TASK TO COMPLETE: In the material below, pictures must be dropped. Repeat exactly, and only, the lines from the line with "New Laptop Notebook" to the line with "CUBE Litening Air", both ends included.

INFORMATION PROVIDED:
"""

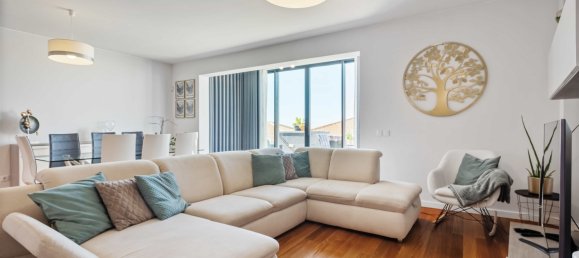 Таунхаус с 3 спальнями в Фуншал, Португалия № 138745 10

"""
"""

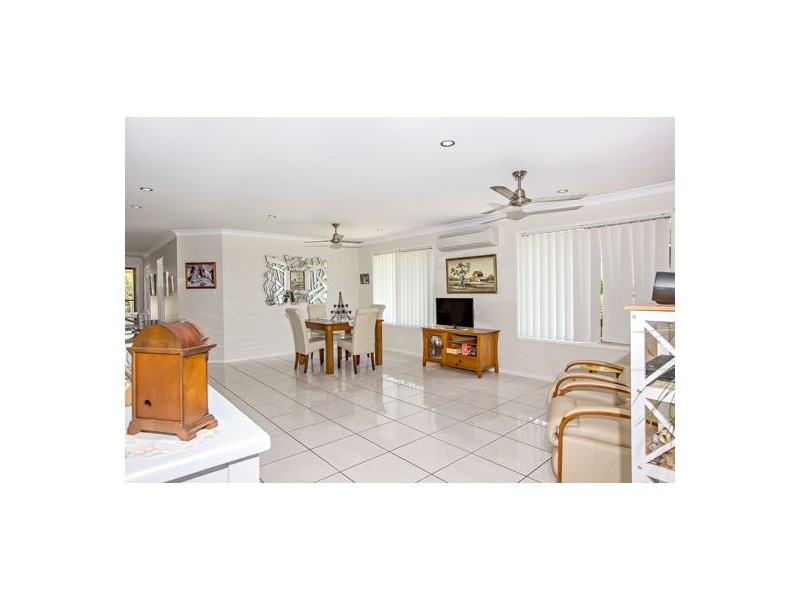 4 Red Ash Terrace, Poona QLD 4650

"""
"""

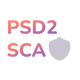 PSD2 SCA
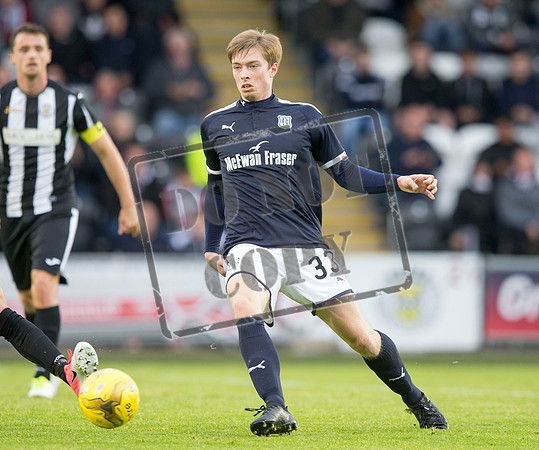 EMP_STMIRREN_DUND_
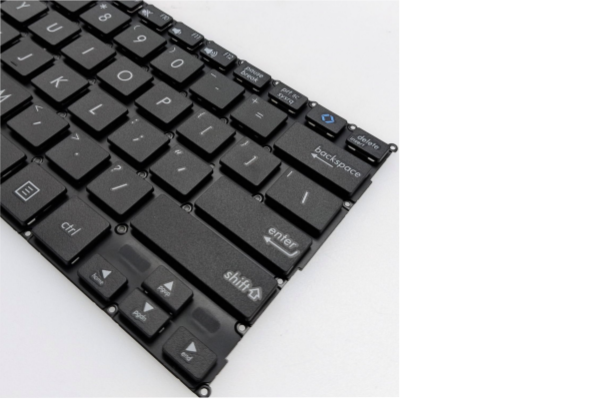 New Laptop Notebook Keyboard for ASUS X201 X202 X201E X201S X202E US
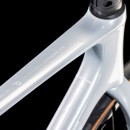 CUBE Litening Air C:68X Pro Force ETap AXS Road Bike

"""

RESULT OF THE TASK:
 New Laptop Notebook Keyboard for ASUS X201 X202 X201E X201S X202E US
 CUBE Litening Air C:68X Pro Force ETap AXS Road Bike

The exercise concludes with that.